**PROVIDED MATERIAL**
● ● ● ●

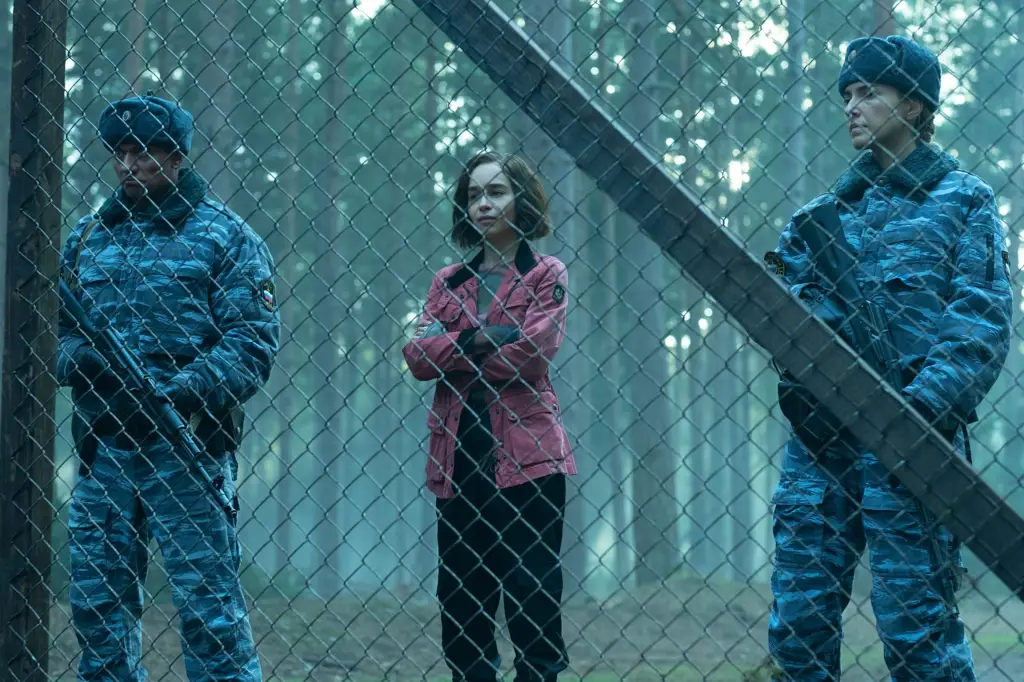 Suasana menegangkan dalam Secret Invasion Adegan menegangkan dalam Secret Invasion episode 1
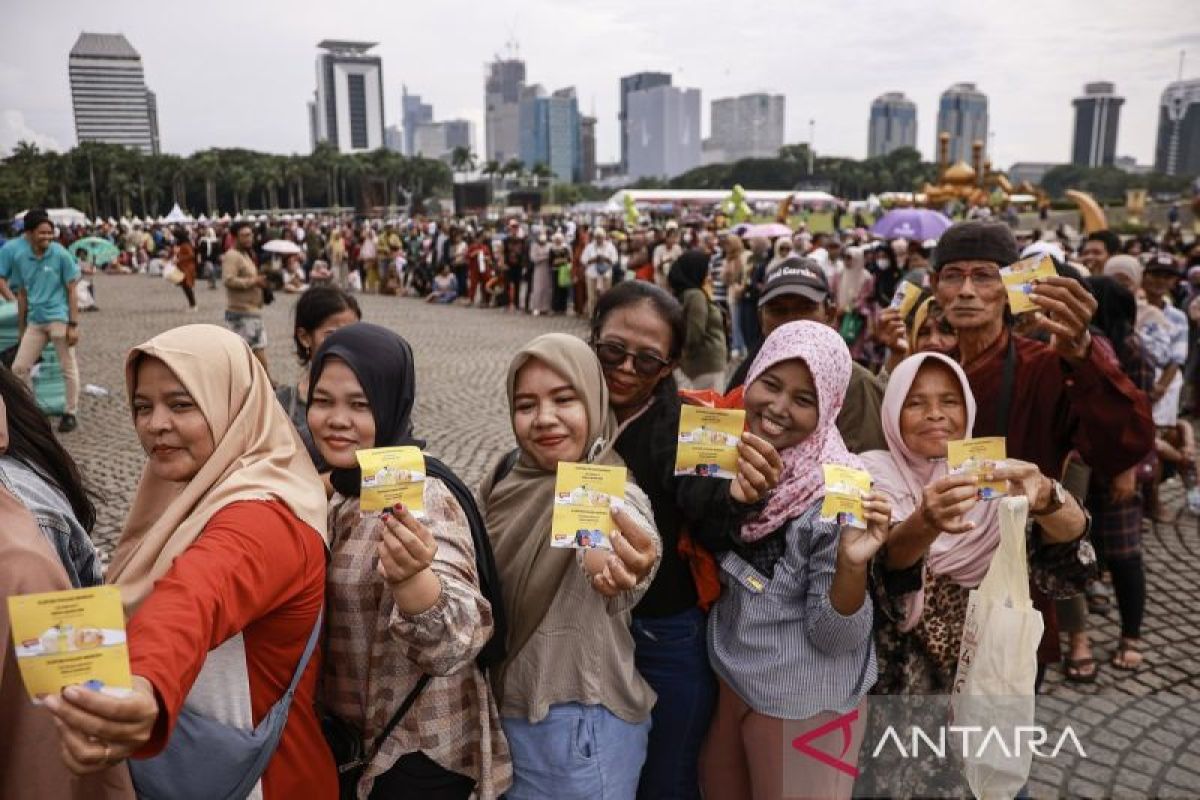 Pasar Murah untuk Rakyat, Pemerintah berikan 100.000 kupon sembako gratis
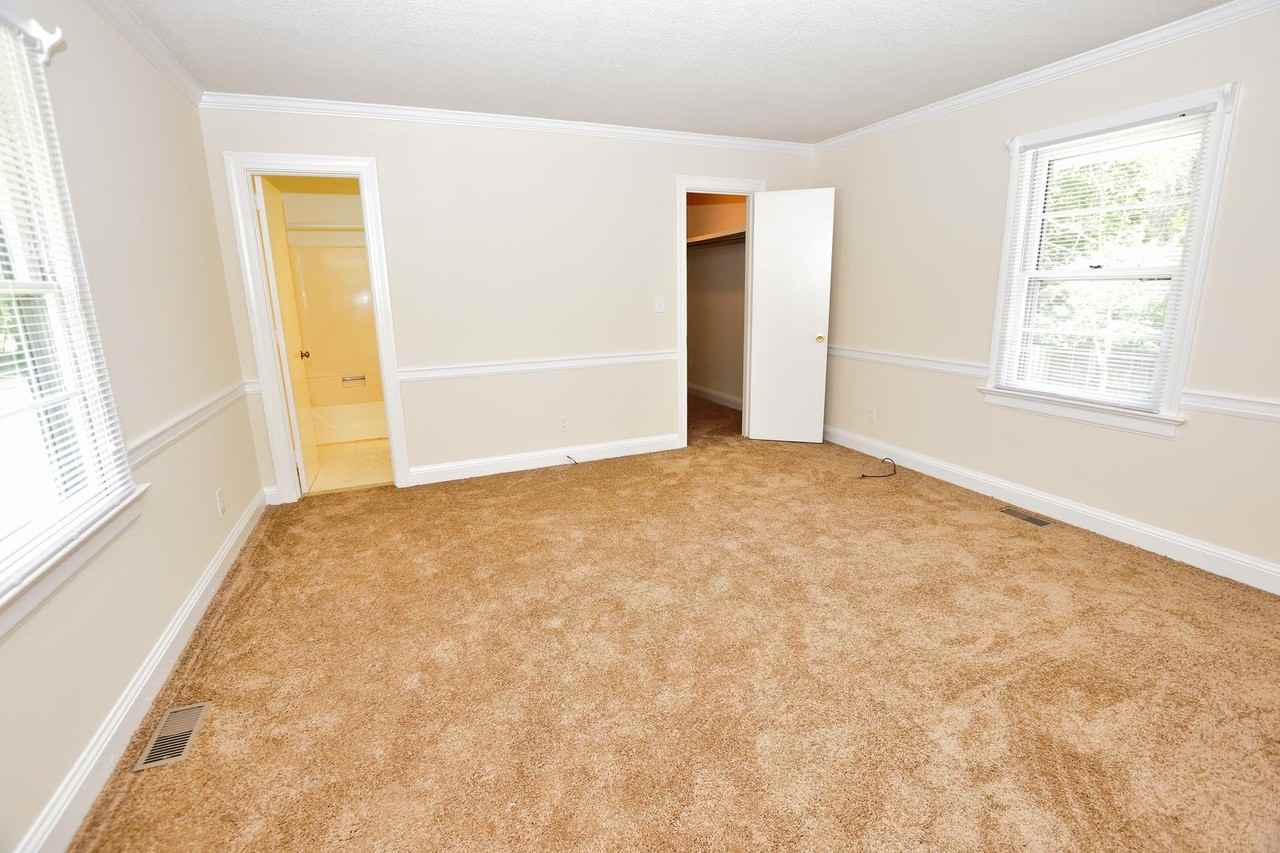 312 Oakdale Rd - Photo 3 of 22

● ● ● ●

**EXERCISE DETAILS**
Write out, word for word, the lines running from the one containing "Pasar Murah untuk" to the end of the data above; the pictures are to be left out.

**RESULT**
 Pasar Murah untuk Rakyat, Pemerintah berikan 100.000 kupon sembako gratis
 312 Oakdale Rd - Photo 3 of 22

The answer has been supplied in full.